Mi sono resa ballerina, nuotatrice, prodiga, chiusa, aperta, ho sfaldato cumuli e ricostruito figure più armoniche, l’ho fatto nel grembo di mia madre, l’ho fatto sulla sua superficie
Cercavo, cercavo le cose maledettamente errate.
Ho cercato nei luoghi sbagliati, attraverso le persone sbagliate, con atteggiamenti sbagliati, e non vedevo me stessa, non mi guardavo troppo approfonditamente.
Ogni frammento è stato ricomposto, il quadro generale ne ha goduto. La paura è sparita e lo sguardo si è reso come le onde del mare

sirena

Attraversarlo richiede volontà di abbandonarsi.
Oggi le mie risate sono tali, ieri erano maschere di insofferenza, erano tentativi di connessione impossibile.

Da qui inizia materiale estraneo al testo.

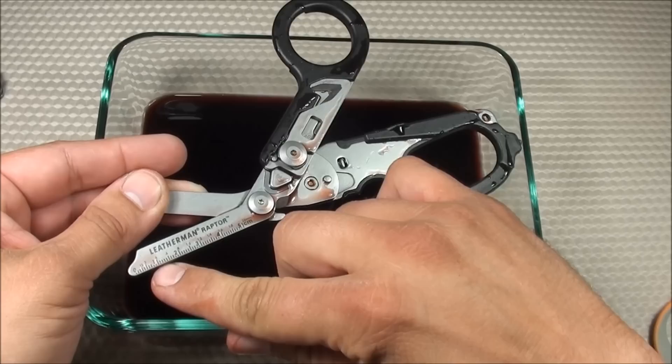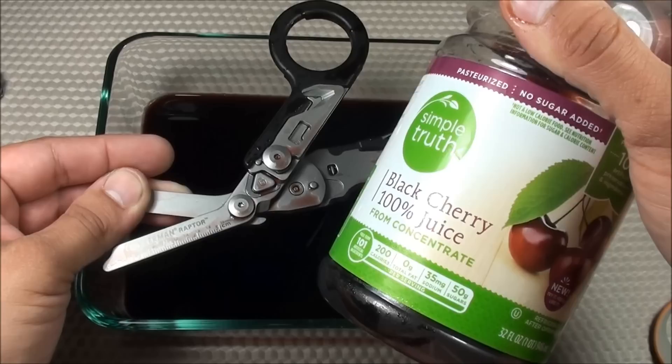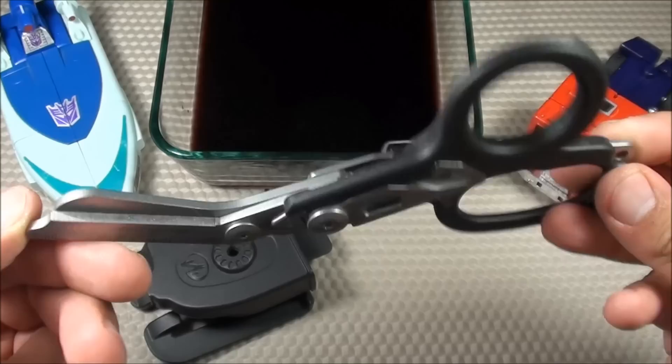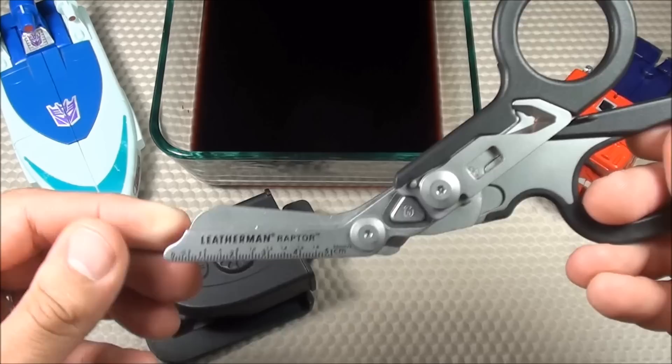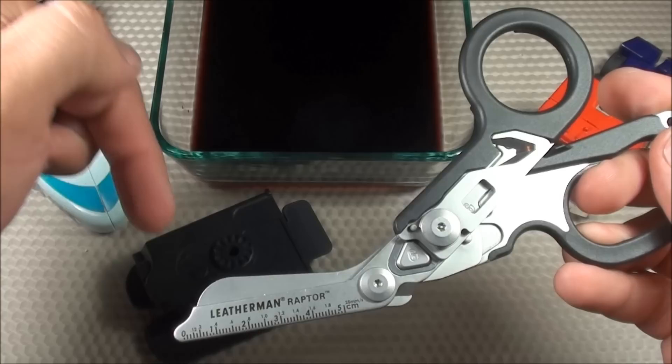By the way, this isn't blood — just some black cherry juice. That's going to do it for this product review featuring the Leatherman Raptor medical shears slash multi-tool. In summary, this tool is just an amazing piece of equipment. The craftsmanship and quality are just top-notch. If I was an EMT, this would be what I'd want to EDC. It has so much functionality, and with the Leatherman brand, you know it's going to be high quality. I'll provide all of the manufacturer specs in the description box below.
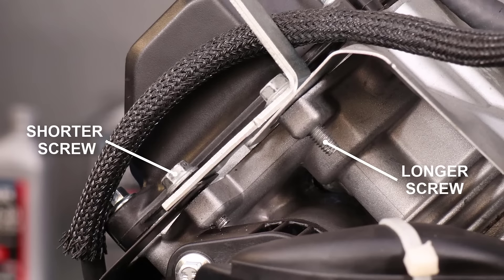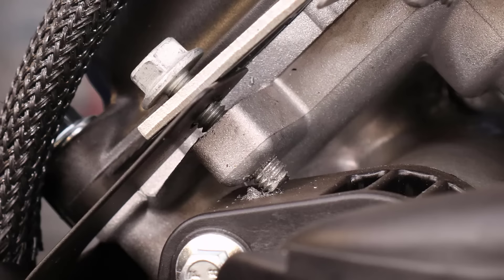The screws are sometimes a different length, and the longer one must be installed at the top. If the longer one is installed at the bottom, it will contact the intake manifold.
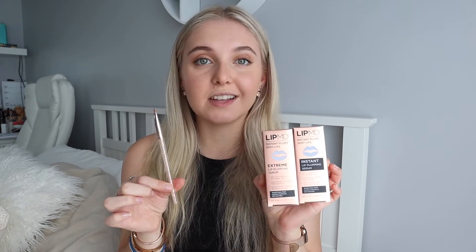You may have already seen me post a video on trying the LipMD plumping device — I'll leave that link up here if you want to check it out. But they have since sent me some of their newest products: the Extreme Lip Plumping Serum, the Instant Lip Plumping Serum, and their Lip Perfecting Brush. I'm going to show you guys how I get the perfect lips without injections using all of LipMD's amazing products.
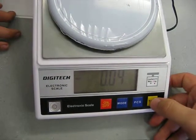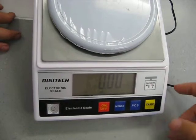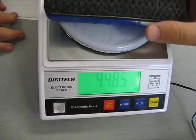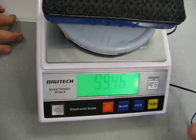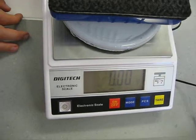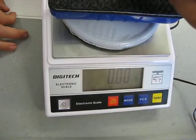The tare button just here is how you reset it to zero. If you've got something on there that you're using as a bowl but you want that bowl to weigh zero, press tare and it sets it back to zero. So you only measure what you put on top of that now.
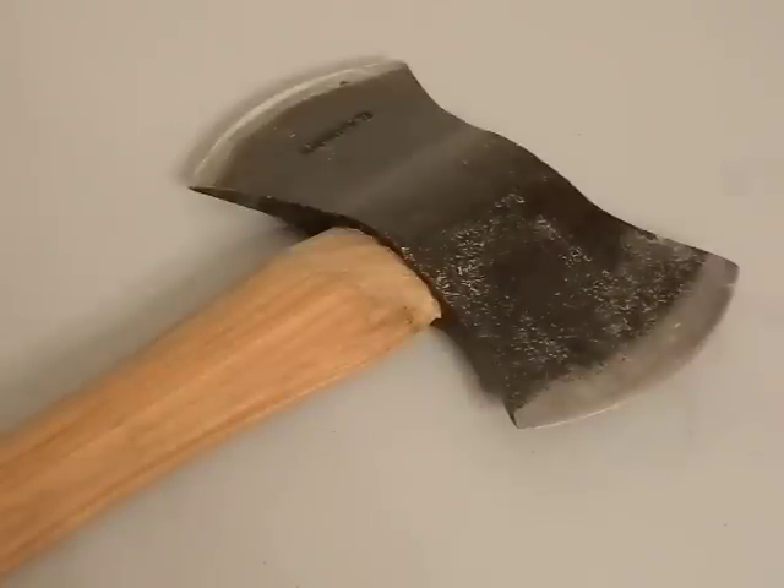What I'm going to do is down the line, I'm going to do some mods to make this axe a little more usable, and then do a full-fledged review a couple months down the line. Consider today just an initial unboxing review with some slight use in it.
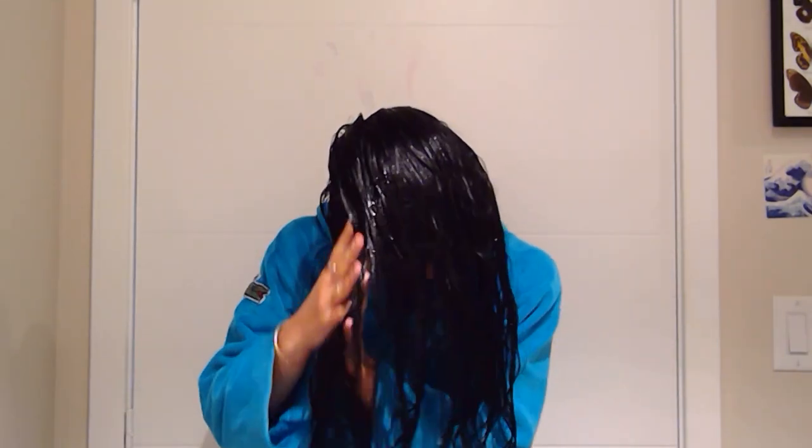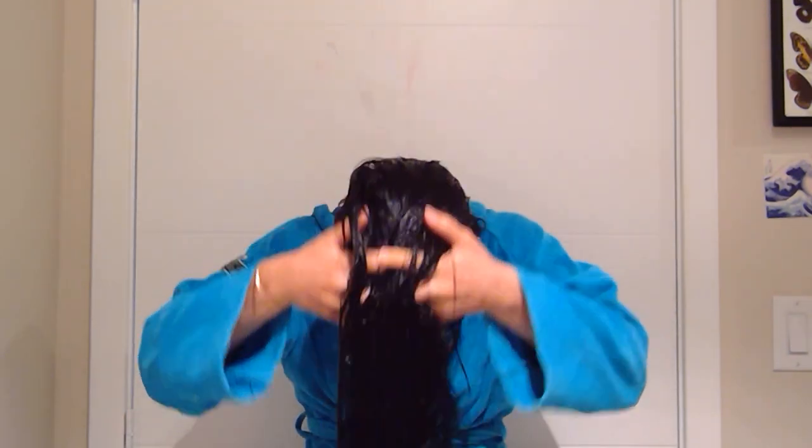I just finished deep conditioning. I'm going to flip my hair over and use prayer hands motion to start coating every strand from the roots to the tip with my gel. The key here is to start with dripping wet hair — basically like watering a plant and using the product to seal in that moisture and make sure the strands absorb all the water.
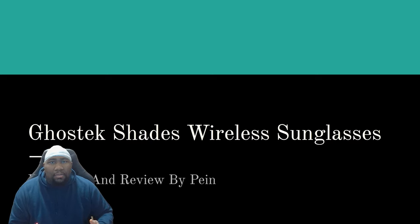Hey everybody, this is Pen — welcome back to the channel. Today I have some exciting news and a nice presentation. Ghost Tech reached out to me and sent me their wireless shade sunglasses with Bluetooth support. The unboxing and review is of course by me, and we're going to get into the presentation right now.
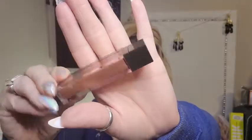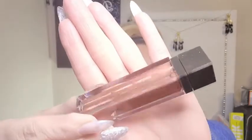Then I did the Jouer Longwear Lip Creme in the shade Rose Gold. I haven't tried one of these lip products from Jouer, but they looked cute. I just love the packaging of Jouer — really cool how one side comes up a little farther. I've been purchasing a lot of Jouer products lately and I've really loved them. I believe I only paid $9 for this.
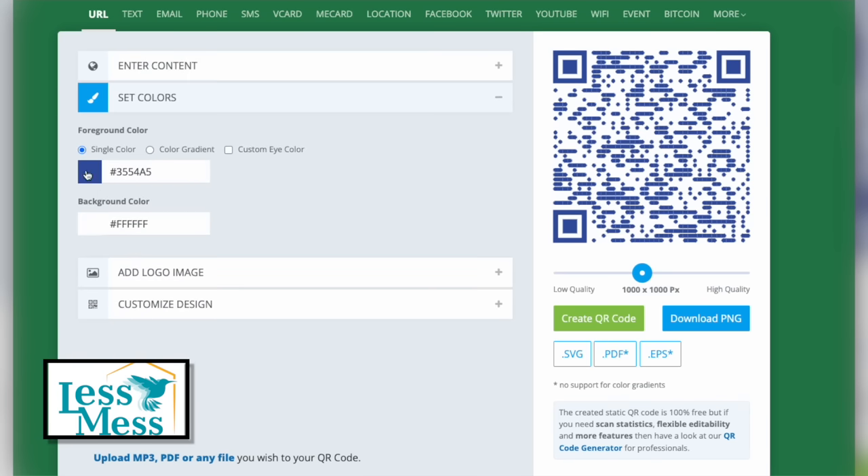Click on the plus symbol next to the Enter Content field and paste your Google link there. You have the option to choose your preferred color for the code, add a logo, or customize the design as you like. Once you've made your selections, click on Create QR Code.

Ho raccolto i tasselli, ogni tassello era interscambiabile e ho creato io il quadro di riferimento, come in un labirinto, nel quale oggi la strada è davanti a me bambina e il viaggio è esperienza da vivere in pienezza.
Attraversare il fiume a nuoto, versando tre gocce, da un lato il salice e sul lato sinistro la foresta, provenire, ritornare, andare, fermarsi e attraversare.